COVID-19 has forced the majority of countries around the world to close their schools and higher education institutions for the safety of their students. It has disrupted traditional ways of teaching and learning particularly in developing countries.
Educational institutions have been forced to either go online or find alternate ways to help their students continue the learning process, all without much preparation. Changes in teaching and learning modes have also affected assessment processes for which educational institutions are, again, ill-prepared. Pakistan, like many other countries, is also looking for ways to deal with the implications of COVID-19 on learning, teaching and assessment. As an immediate response, all high stakes exams have been cancelled and it has been decided to auto-promote school students to the next grade/level.
The Institute for Educational Development engaged education experts to reflect on the challenges and possibilities for continuity of learning and assessment in the COVID-19 scenario. The purpose of the two-part webinar was to gain expert opinion to inform changes in the policies and practices related to learning and assessment. The experts included Dr Shehzad Jeeva, Director, AKU Examination Board, Dr Fouzia Shamim, Dean, Faculty of Liberal Arts and Human Sciences at Ziauddin University in Karachi, and Dr Tashmin Khamis, Vice Provost, Quality, Teaching and Learning, Office of the Provost, Aga Khan University.
Learn more about changes to learning processes with Dr Tashmin Khamis or find out more about issues in assessment with Dr Fouzia Shamim. Also, listen to Dr Shehzad Jeeva’s perspective on assessment.
Here are some key takeaways from the session:
Use this opportunity to enhance your student engagement by giving them individual attention: Feedback from students and faculty at AKU suggests that online learning has enhanced engagement of students by enabling educators to give individual attention to learners in a more effective way than in a face-to-face classroom. It has also enabled independent learners to shine.
Plan well and make your online teaching more effective: As there is more transparency in online teaching, it is being scrutinised much more than face-to-face sessions to ensure it is active and engaging. Use the seven principles of good teaching by Chickening and Gamson to make your teaching more active and engaging.
Shift your focus from getting good grades to involving your students in real learning: The focus on enhancing and analysing students’ skills and conceptual understanding is becoming much easier with online learning. Learning is taking centre stage. Instead of focusing on grades by asking students to regurgitate what they know, they are being asked to apply their learning through problem-solving tasks and case studies.
Develop the right checks and balances and trust the teacher’s judgment when it comes to a fair assessment of what students are learning on an ongoing basis: COVID-19 has brought formative assessment to the fore. Before it was taken with a pinch of salt, now we are looking up to teachers to make a fair and valid assessment of students’ learning. In the given situation, institutions need to rise to this opportunity where a teacher’s judgment is trusted and not questioned.
The focus should be on the learner, not the technology: Focus on the learner and the learning outcome first. Technology should be used as a tool to reach those outcomes.
Auto-promotion of students has its limitation: The decisions made to auto-promote students based on non-standardised continuous assessment in Pakistan raises many questions around ensuring transparency, fairness and equity.
Online high stakes exams are not the immediate solution and we are not ready for it: Going for online standardised exams e.g. for secondary and higher secondary students, may not be an immediate solution and will not enable every student to be part of the assessment process in developing contexts such as Pakistan. Why? Because Pakistan has its issues of limited resources, issues of electric supply and students’ access to IT resources and internet connectivity.

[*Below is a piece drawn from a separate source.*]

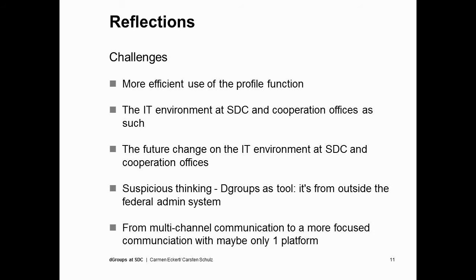In the future, there are some changes planned in our IT environment — we will have a new collaboration platform, and this platform will also have mailing list functionalities. So it is a bit of a question how we should continue to use D-group, because it also has its advantages. This is still an open question at SDC. Since D-groups is an external tool, this goes together with the high security levels we have — it's always a bit of negotiation to build trust in our IT department and to have it accepted as an established instrument.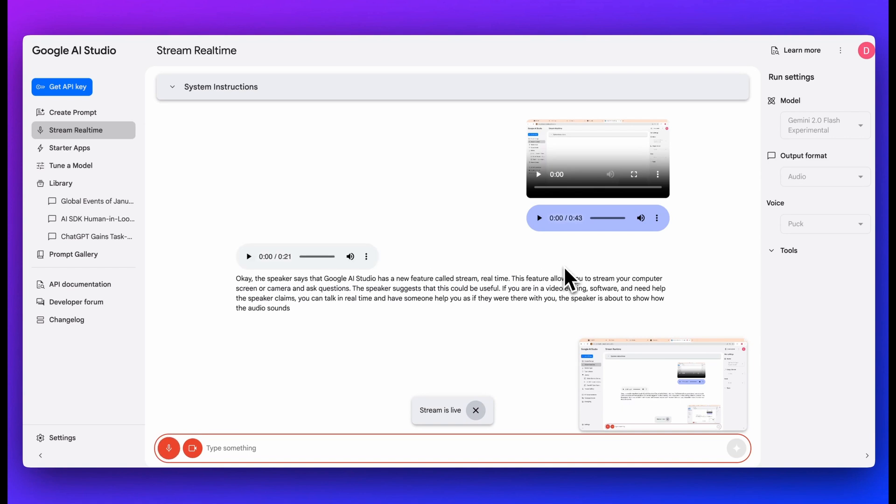You can have different windows open. You can imagine even using this within the context of using your IDE and using it like a pair programmer or what have you. It's really, really neat. And the great thing with this is it's actually completely free. That's something to consider as well.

Online standardised assessment may still be doable for students from well-resourced backgrounds but not for the majority who come from low socio-economic backgrounds and lack access to even the very basic facilities.

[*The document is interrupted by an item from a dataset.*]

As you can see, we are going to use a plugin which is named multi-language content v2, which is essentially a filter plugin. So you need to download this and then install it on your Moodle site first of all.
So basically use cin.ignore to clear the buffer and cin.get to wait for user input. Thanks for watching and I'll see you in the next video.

Cancellation of standardised assessment will have critical implication for students’ progress: Policymakers need to review the grading policies, admission requirements and introduce flexibility in admission processes to ensure smooth transition and continuity for students to the next level. Otherwise, the delay in conducting standardised exams will have critical implications for students hoping to enter higher education institutions this year and the labour market with long-term consequences for their progression in life.